:: WHAT THE TASK REQUIRES ::
Please repeat exactly the lines below from the line with "A man smiling with closed eyes" to the line with "Clown latex face", including both, and leave out every picture.

:: TASK DATA ::
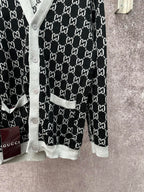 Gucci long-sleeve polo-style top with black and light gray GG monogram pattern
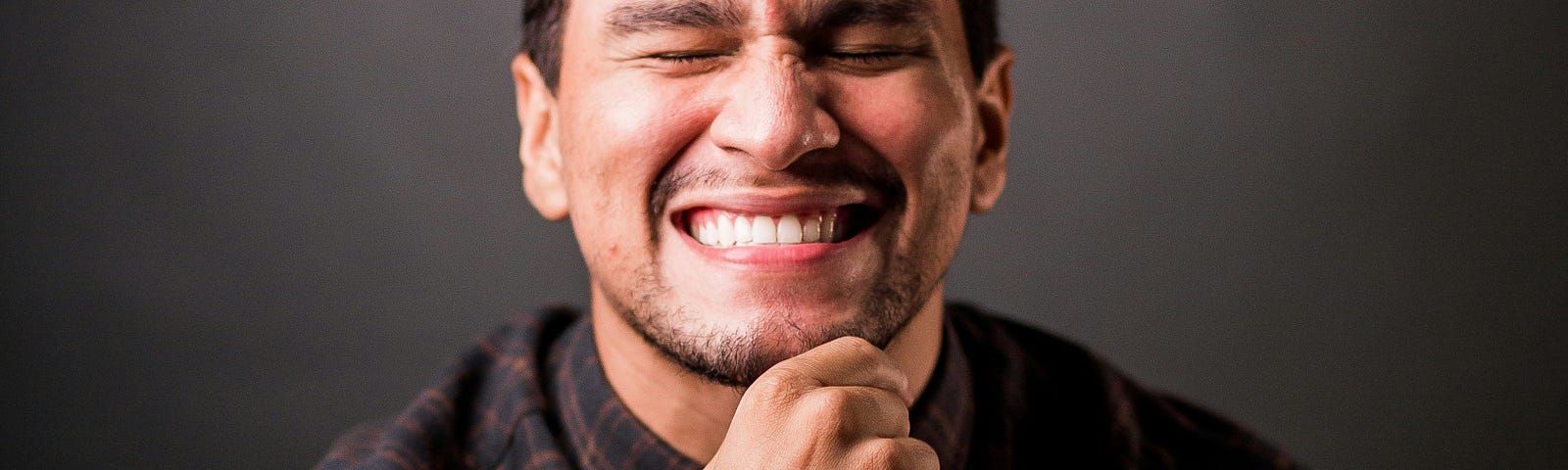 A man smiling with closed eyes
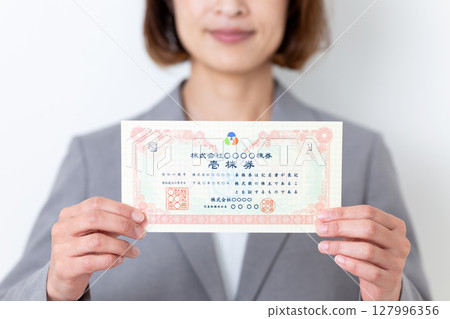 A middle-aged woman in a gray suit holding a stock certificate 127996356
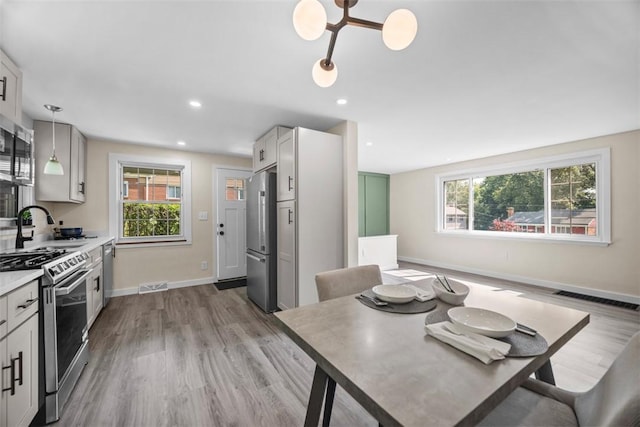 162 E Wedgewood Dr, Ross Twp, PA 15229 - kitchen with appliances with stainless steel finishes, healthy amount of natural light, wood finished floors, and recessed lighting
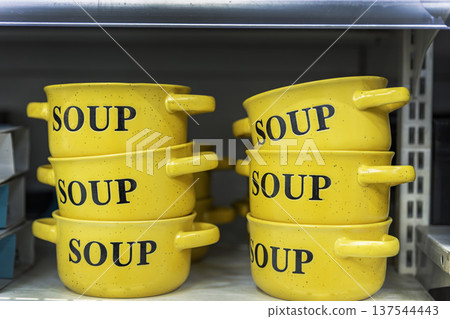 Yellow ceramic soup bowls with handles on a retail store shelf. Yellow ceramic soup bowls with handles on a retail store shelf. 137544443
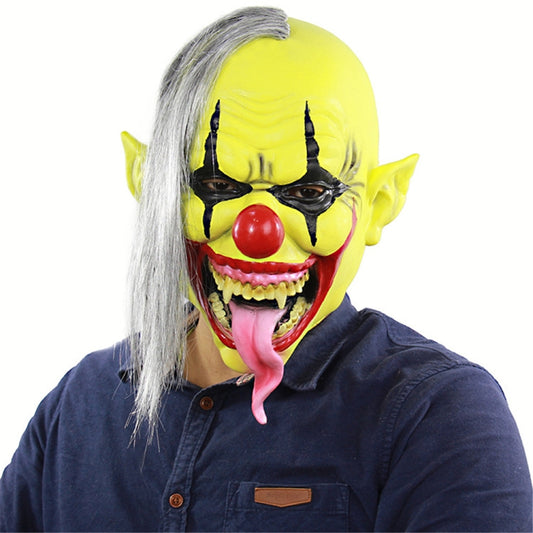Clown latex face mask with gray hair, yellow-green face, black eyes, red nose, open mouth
...
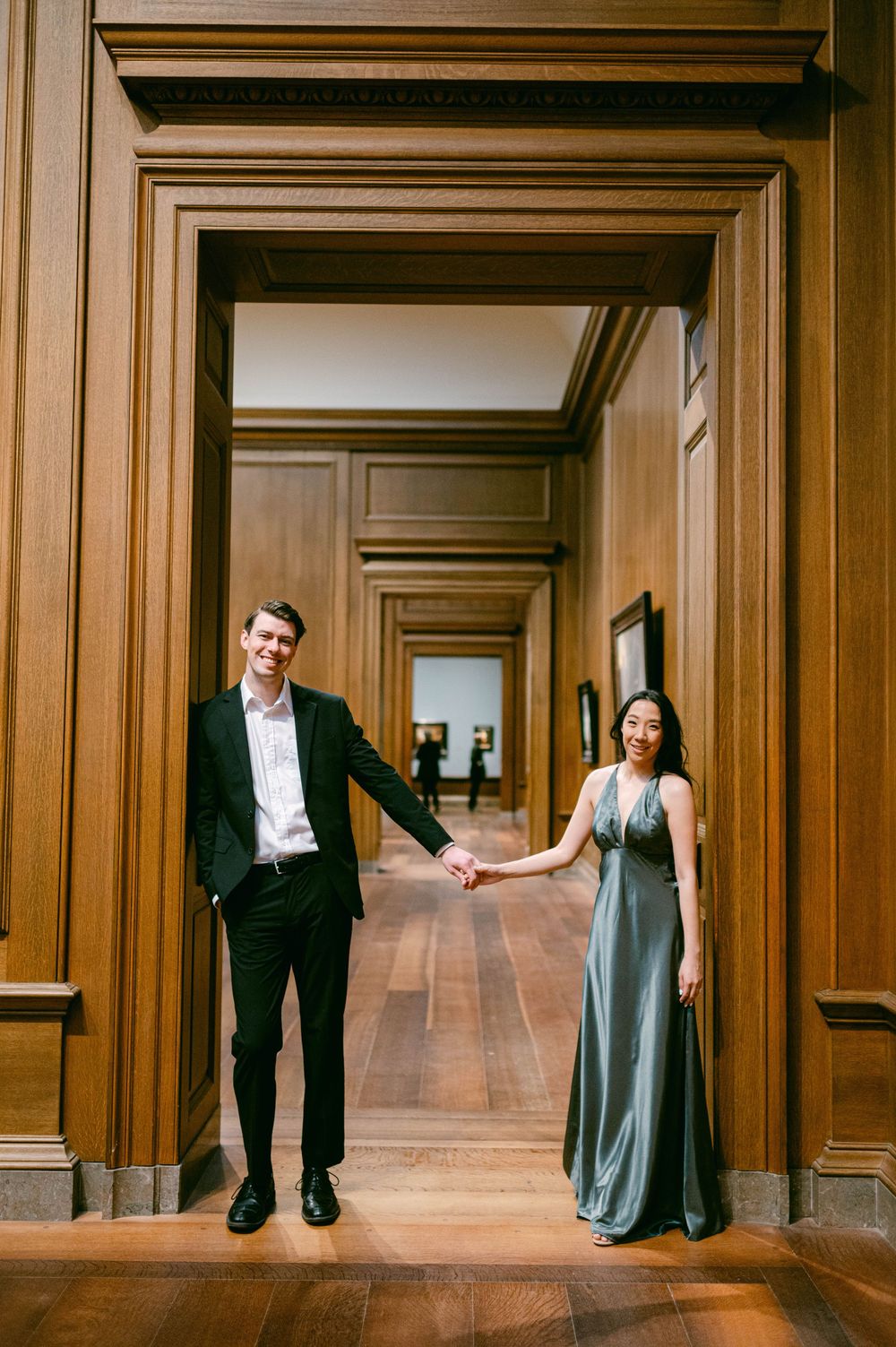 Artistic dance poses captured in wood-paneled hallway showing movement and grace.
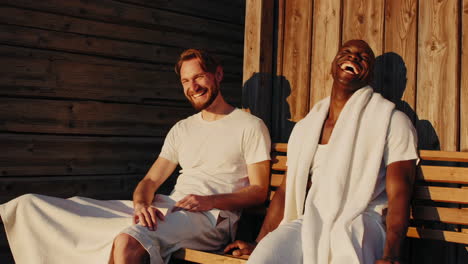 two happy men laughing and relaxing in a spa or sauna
* * *
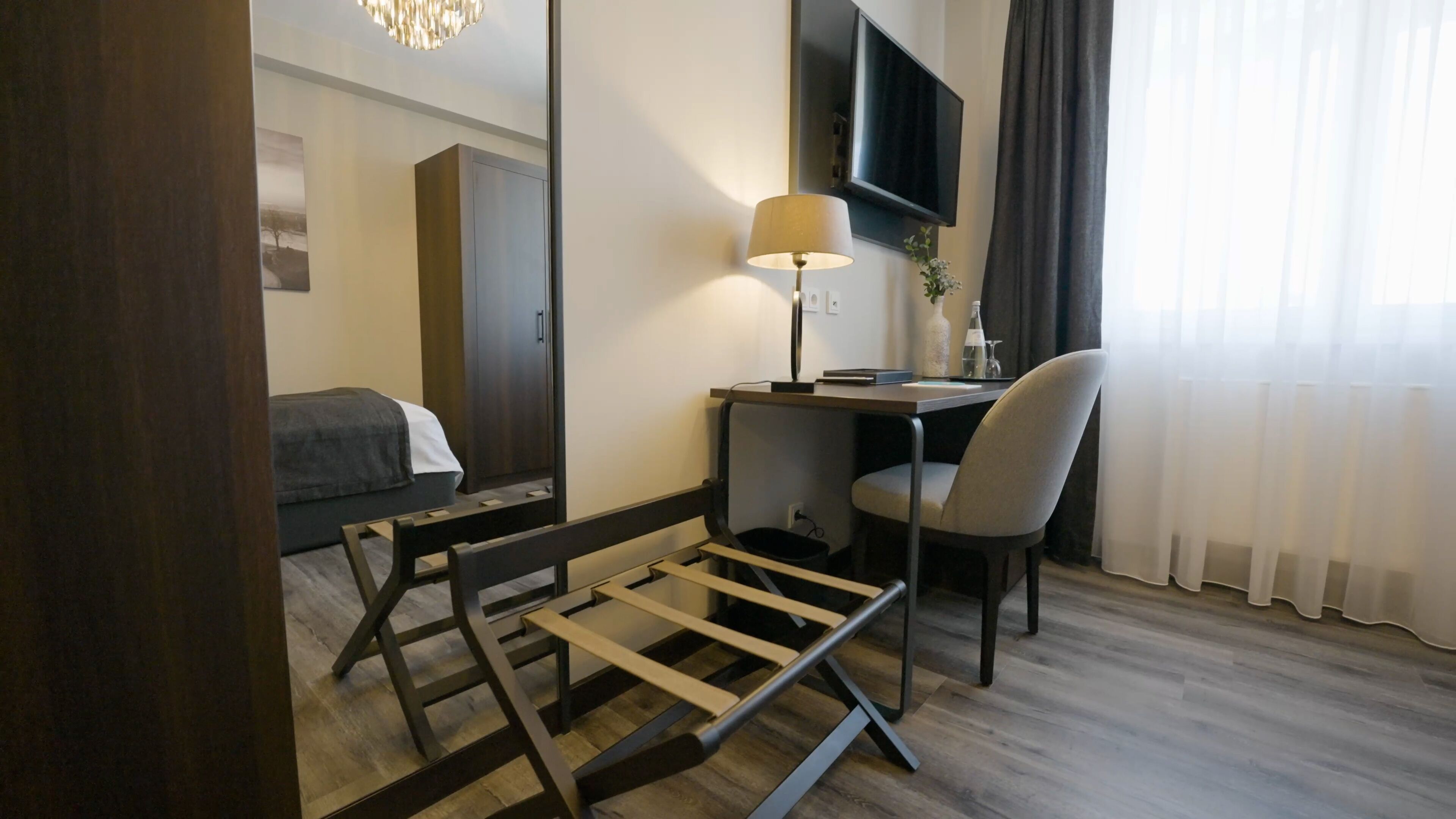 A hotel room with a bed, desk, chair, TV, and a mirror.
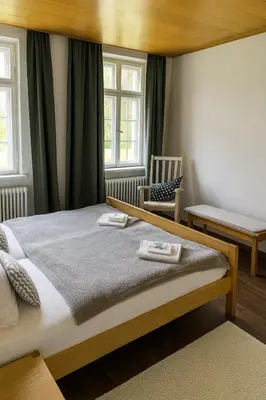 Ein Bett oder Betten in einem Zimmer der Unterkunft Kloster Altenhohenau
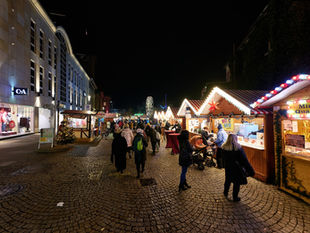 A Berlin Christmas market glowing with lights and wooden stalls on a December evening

:: SOLUTION ::
 A man smiling with closed eyes
 A middle-aged woman in a gray suit holding a stock certificate 127996356
 162 E Wedgewood Dr, Ross Twp, PA 15229 - kitchen with appliances with stainless steel finishes, healthy amount of natural light, wood finished floors, and recessed lighting
 Yellow ceramic soup bowls with handles on a retail store shelf. Yellow ceramic soup bowls with handles on a retail store shelf. 137544443
Clown latex face mask with gray hair, yellow-green face, black eyes, red nose, open mouth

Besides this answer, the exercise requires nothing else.